What the task requires: Restate, in full and unchanged, the entries that follow, but not their pictures.

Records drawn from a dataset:

==================================================

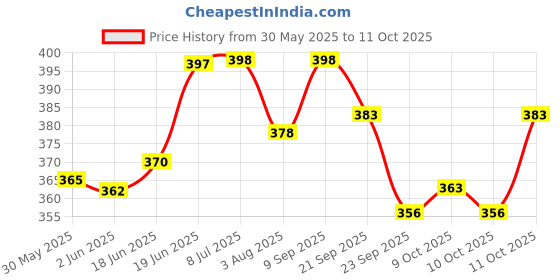 flipkart.com rakso Kids Protective Skating Guard Kit (SMALL) Skating Guard Combo rakso Price History Graph from 30 May 2025 to 11 Oct 2025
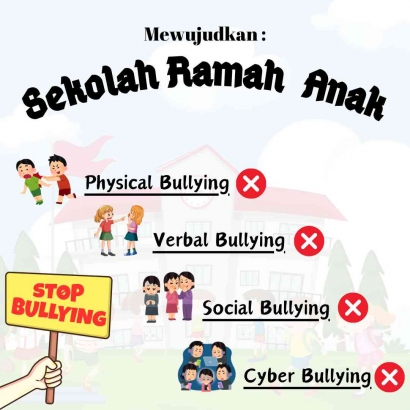 Hentikan Kekerasan Pada Anak, Stop Bullying!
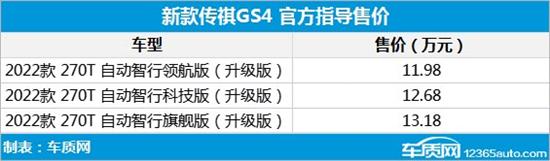 传祺GS4升级版上市 售价11.98-13.18万元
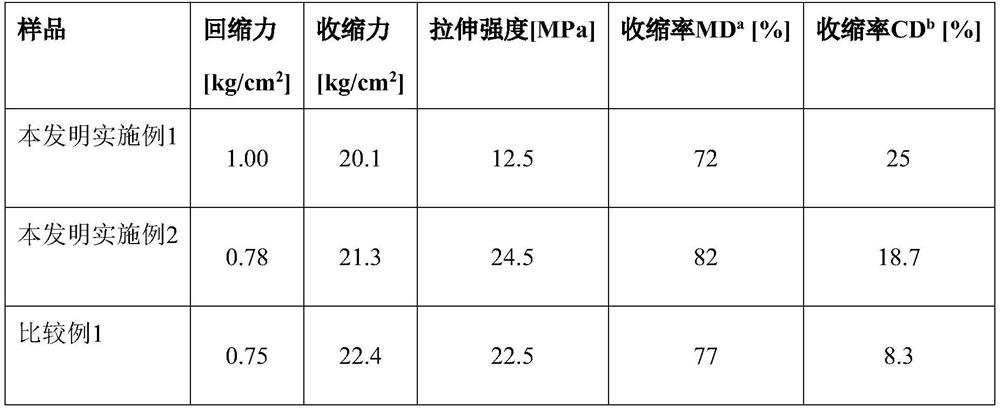 Collation shrink film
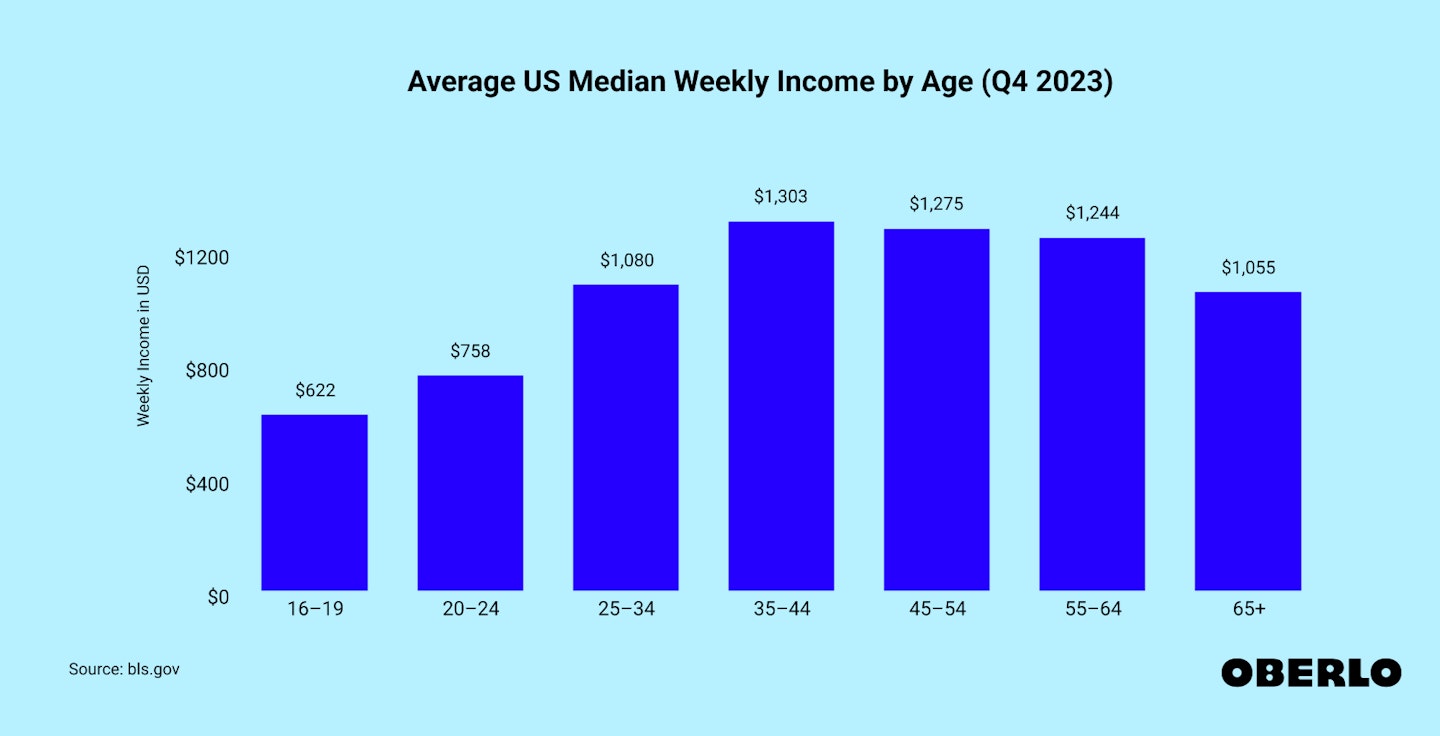 Chart showing: Average US median weekly income by age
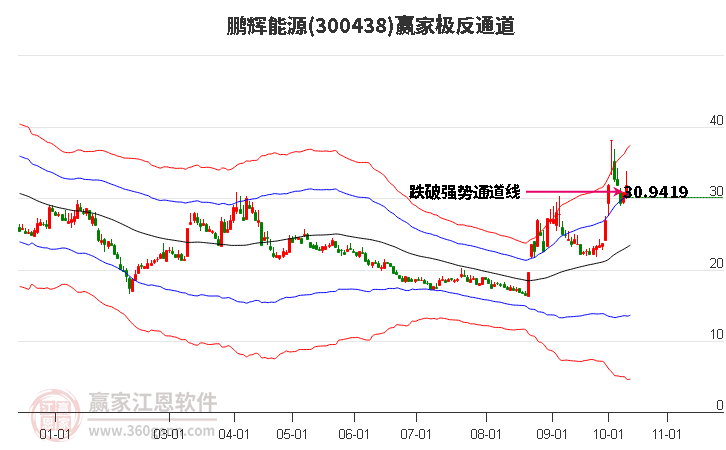 300438鹏辉能源赢家极反通道工具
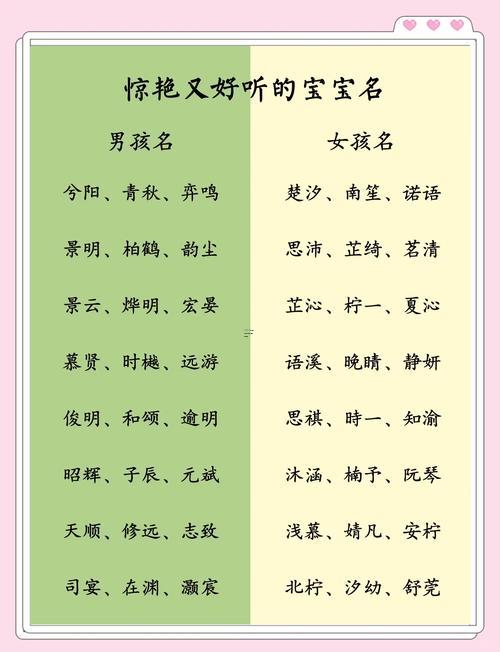 小孩子取名字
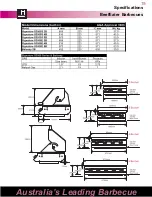 Preview for 19 page of BeefEater Balcony Installation And Operating Instructions Manual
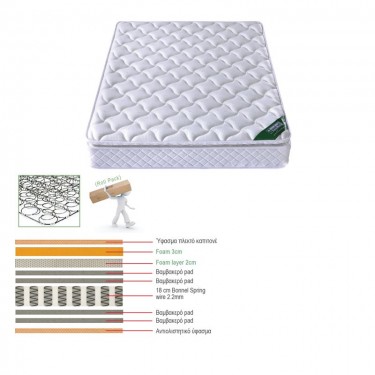 ΣΤΡΩΜΑ Bonnell Spring με Ανώστρωμα Foam Roll Pack Μονής Όψης (1)  160x200x24cm [-Άσπρο-] [-Spring/Μονής Όψης-] Ε2056,2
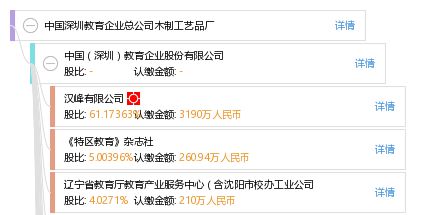 木韵匠心 中国深圳教育企业总公司木制工艺品厂的教育培训之道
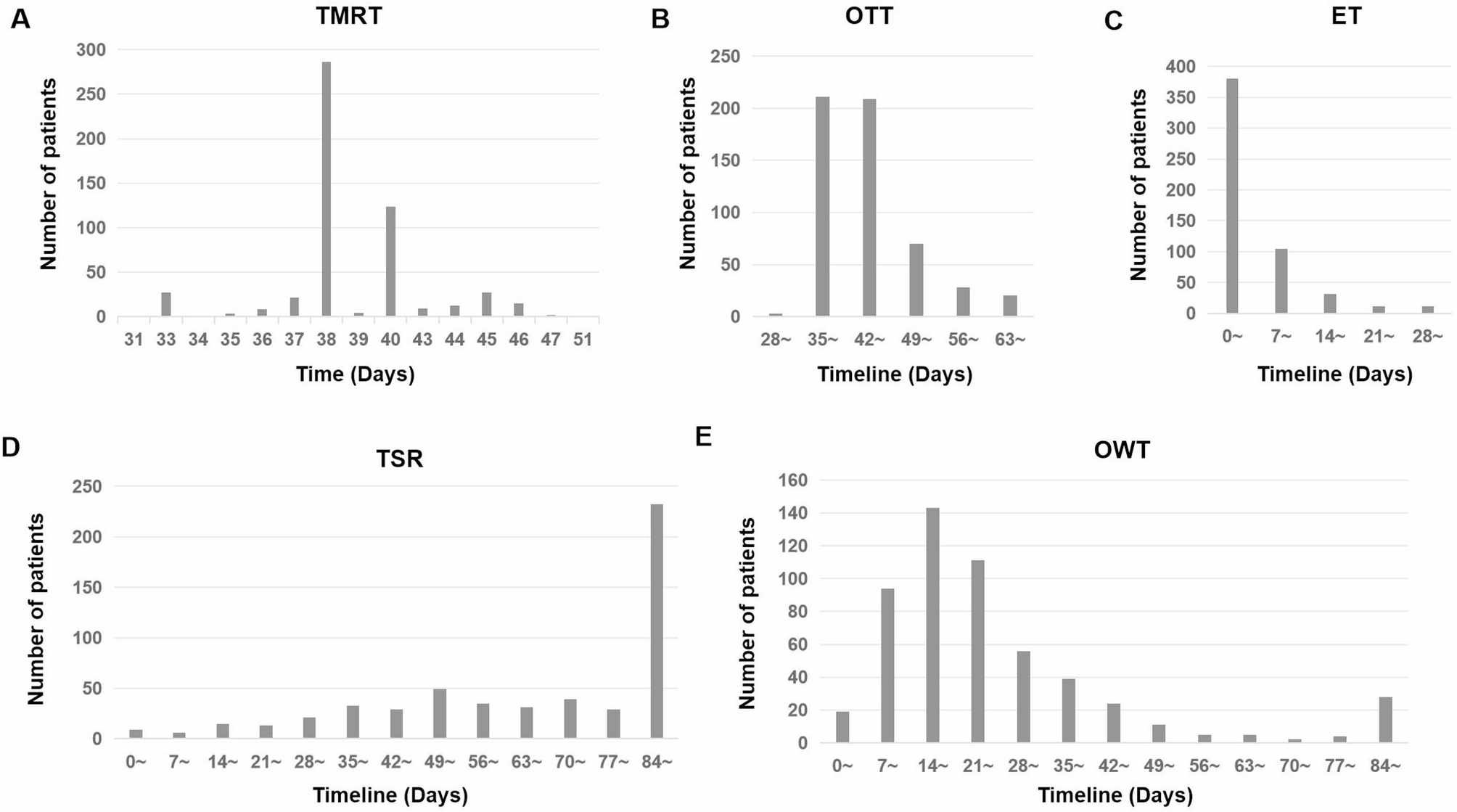 Impact of treatment time and waiting time on outcome for esophageal squamous cell carcinoma receiving definitive chemoradiotherapy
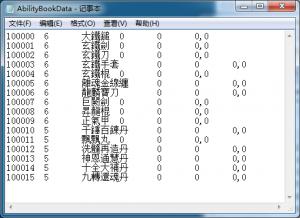 ͷƴǰMOD 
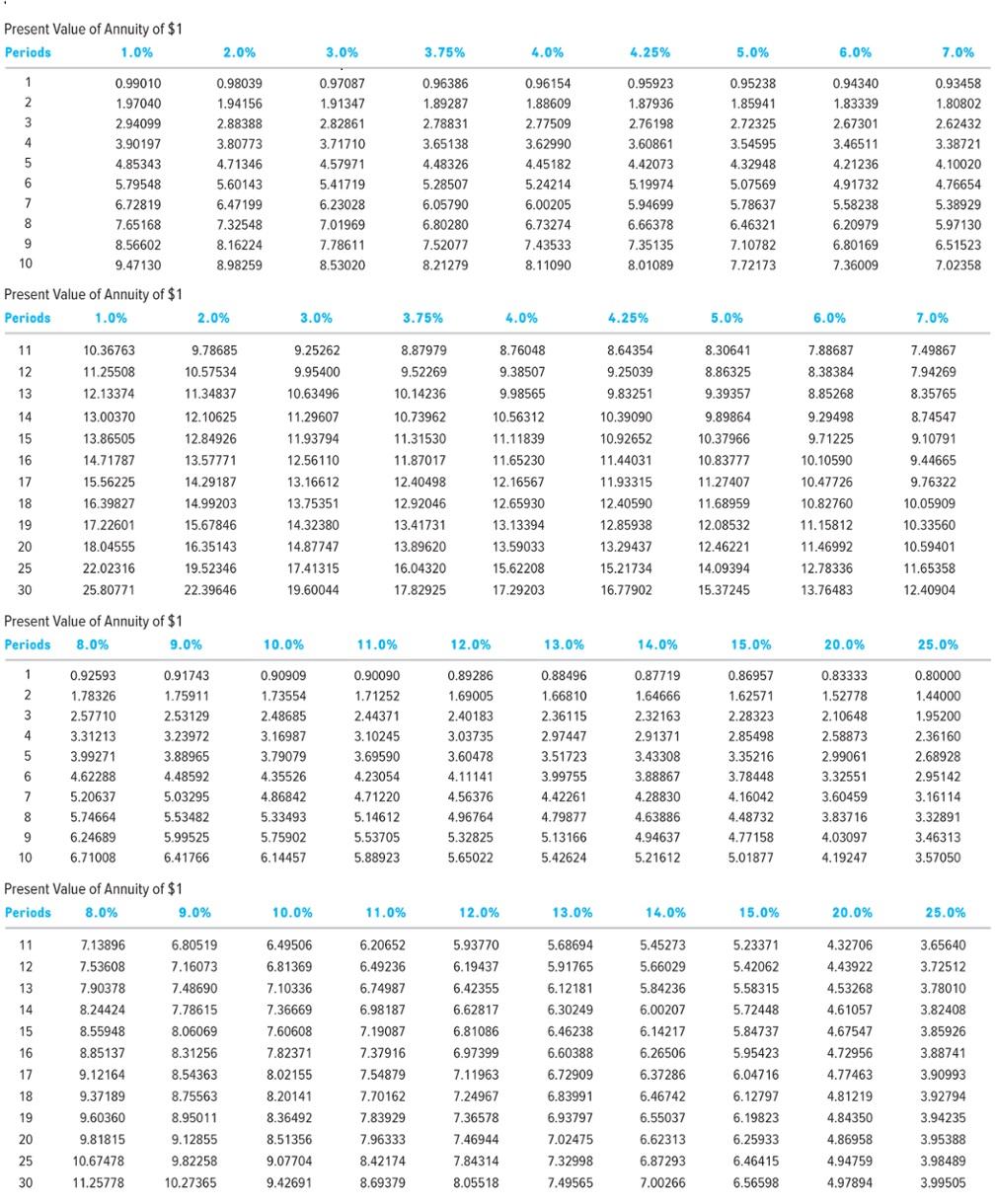 20 yrs + face value*PV. why is that wrong? Required information [The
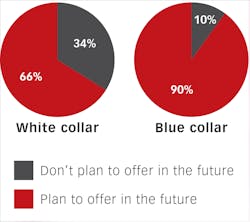 Figure 1: Employers not offering dental insurance/future plans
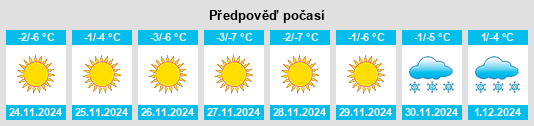 Výhled počasí pro místo Shubarköl na Slunečno.cz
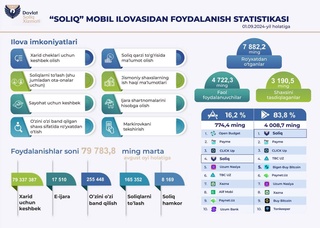 В августе налоговым кешбэком воспользовались более 79 млн раз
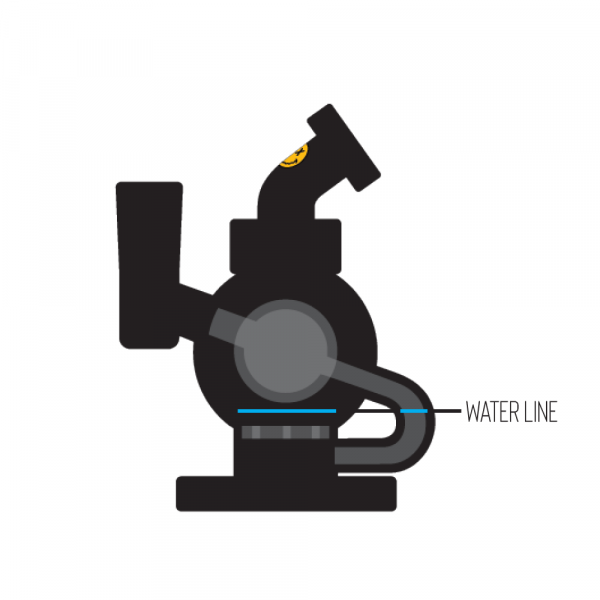 Orbit Mini Rig 4-Piece Kit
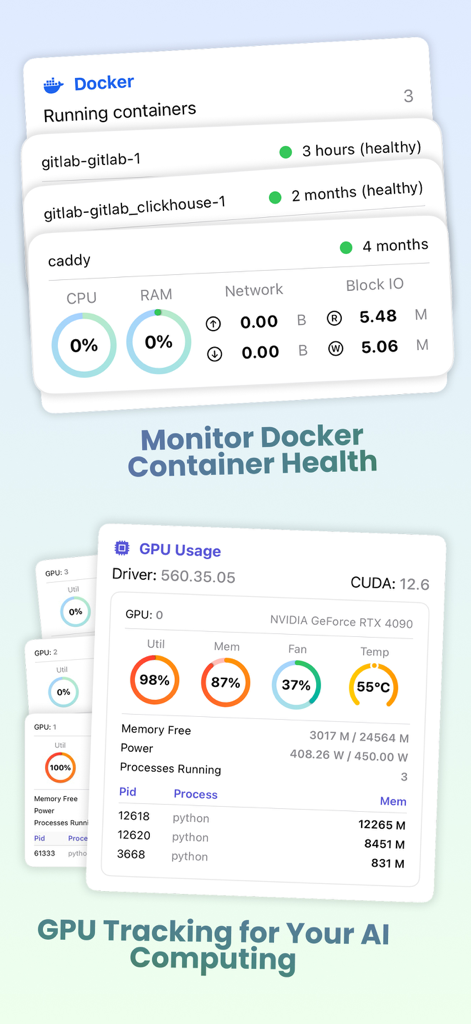 SwiftServer - Monitoring & SSH - SwiftServer app interface showing Docker container health and real-time GPU performance metrics for AI computing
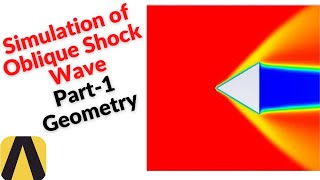 Formation of Oblique Shock wave on incline body Part - 1 Geometry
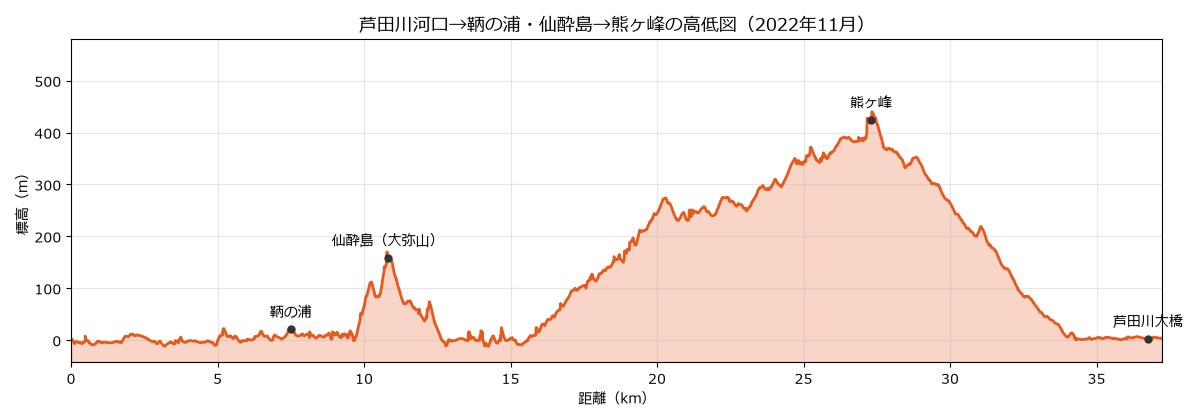 鞆の浦・仙酔島・熊ヶ峰を回るコースの高低図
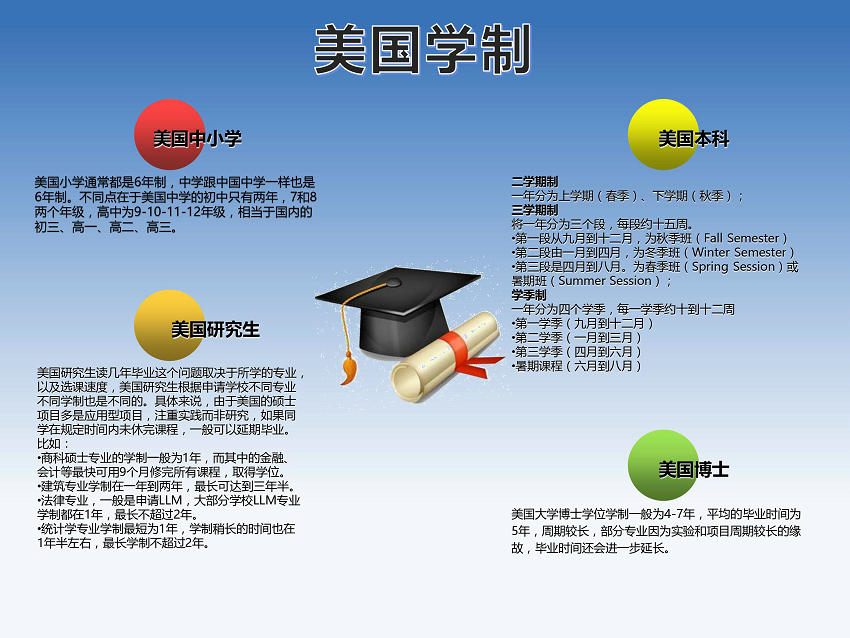 如何去美国留学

==================================================

Response:
 flipkart.com rakso Kids Protective Skating Guard Kit (SMALL) Skating Guard Combo rakso Price History Graph from 30 May 2025 to 11 Oct 2025
 Hentikan Kekerasan Pada Anak, Stop Bullying!
 传祺GS4升级版上市 售价11.98-13.18万元
 Collation shrink film
 Chart showing: Average US median weekly income by age
 300438鹏辉能源赢家极反通道工具
 小孩子取名字
 Preview for 19 page of BeefEater Balcony Installation And Operating Instructions Manual
 ΣΤΡΩΜΑ Bonnell Spring με Ανώστρωμα Foam Roll Pack Μονής Όψης (1)  160x200x24cm [-Άσπρο-] [-Spring/Μονής Όψης-] Ε2056,2
 木韵匠心 中国深圳教育企业总公司木制工艺品厂的教育培训之道
 Impact of treatment time and waiting time on outcome for esophageal squamous cell carcinoma receiving definitive chemoradiotherapy
 ͷƴǰMOD 
 20 yrs + face value*PV. why is that wrong? Required information [The
 Figure 1: Employers not offering dental insurance/future plans
 Výhled počasí pro místo Shubarköl na Slunečno.cz
 В августе налоговым кешбэком воспользовались более 79 млн раз
 Orbit Mini Rig 4-Piece Kit
 SwiftServer - Monitoring & SSH - SwiftServer app interface showing Docker container health and real-time GPU performance metrics for AI computing
 Formation of Oblique Shock wave on incline body Part - 1 Geometry
 鞆の浦・仙酔島・熊ヶ峰を回るコースの高低図
 如何去美国留学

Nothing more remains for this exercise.